В палатке тлеет светлячок. Видно, Лорна зажгла свечку.
– Ладно, – говорю. – Спокойной ночи.
Мне без энтузиазма желают того же. Я спешу к палатке.
Залезаю во внутреннюю камеру и напарываюсь, как на штык, на Лорнин взгляд. Она забилась в уголок, обложила себя нашими спальниками и хлопает оттуда совсем дикими глазами. Ну, и как теперь мне спать? На голой земле? Эгоистка, блин.
Пробую уговорить ее:
– Не наглей, Лорна, дай мне спальник.
Та молчит.
– Давай уже будем укладываться, ночь на дворе.
Снова безрезультатно.
– Ты слышишь меня?
Лорна смотрит куда-то в пространство, водит глазами, следя за чем-то невидимым.

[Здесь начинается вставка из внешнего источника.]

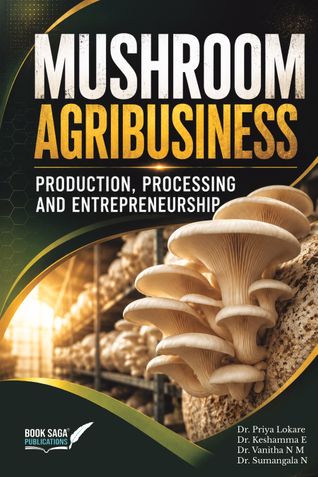 Mushroom Agribusiness: Production, Processing And Entrepreneurship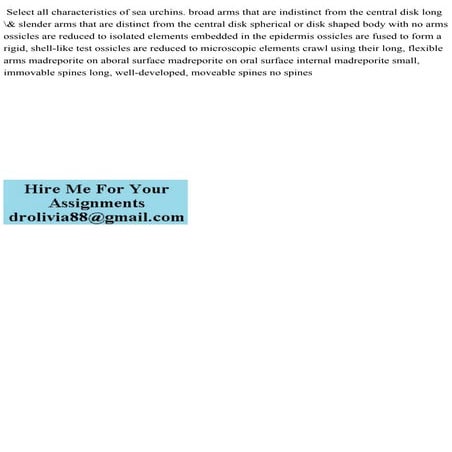 Select all characteristics of sea urchins. broad arms that are indist.pdf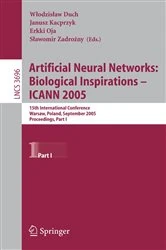Book cover of Artificial Neural Networks: Biological Inspirations – ICANN 2005 by Wlodzislaw Duch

– Сейчас нам всем будет пиздец.
Меня снова пробирает страх – Лорна слов на ветер не бросает. Насмешливо возражаю:
– Шо ты гонишь? Какой еще пиздец?
– Демоны, – говорит Лорна и закусывает губу. Ее глаза бегают, изучают меня. Она напугана, можно сказать, нашугана. Страх передается мне. Если откровенно, то я просто деревенею от ужаса.
– ЛЮДИ, СЕЙЧАС ПРИДУТ ДЕМОНЫ ИЗ ЛЕСА! – кричит она громко, чтобы услышали все в лагере. – ПРЯЧЬТЕСЬ, ПОКА НЕ ПОЗДНО!

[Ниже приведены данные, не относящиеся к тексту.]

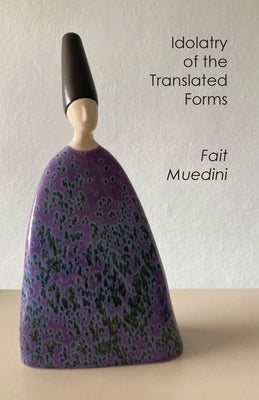 Idolatry of the Translated Forms by Muedini, Fait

– Они пришли за мной, – добавляет уже тише.
– Та шо ты гонишь, – пренебрежительно говорю ей. Вытаскиваю из рюкзака болоньевую куртку и ложусь на каримат. Скручиваюсь бубликом и гашу свечку.

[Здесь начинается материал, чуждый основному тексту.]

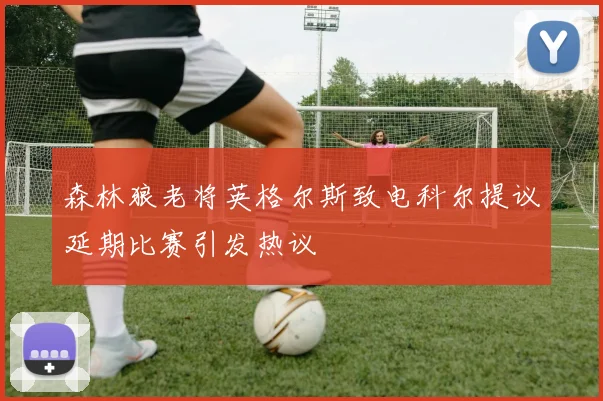 森林狼老将英格尔斯致电科尔提议延期比赛引发热议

Лорна ложиться не собирается.
– Не надо было свечку гасить, – обреченно говорит она.
– Лорна, расслабься. Никаких демонов тут нет. Тут же ж не темно. Вон и огонь видно через стенку.
Через тент пробивается свет костра, его отблесков хватает, чтобы разглядеть Лорнино лицо. На ткани танцуют причудливые тени. Я удобнее укладываюсь на каримате, поближе к куче спальников. Прижимаюсь теснее к Лорниной куче спальников, чтобы греться хотя бы с одной стороны. Я чувствую, как меня даже слегка подавляет эта куча спальников, вдруг в палатке становится мало места, появляется пугающая теснота. Лорна, несомненно, почувствовала то же самое:
– Ну, куда вы претесь, блядь? Чего вы мне лезете на голову?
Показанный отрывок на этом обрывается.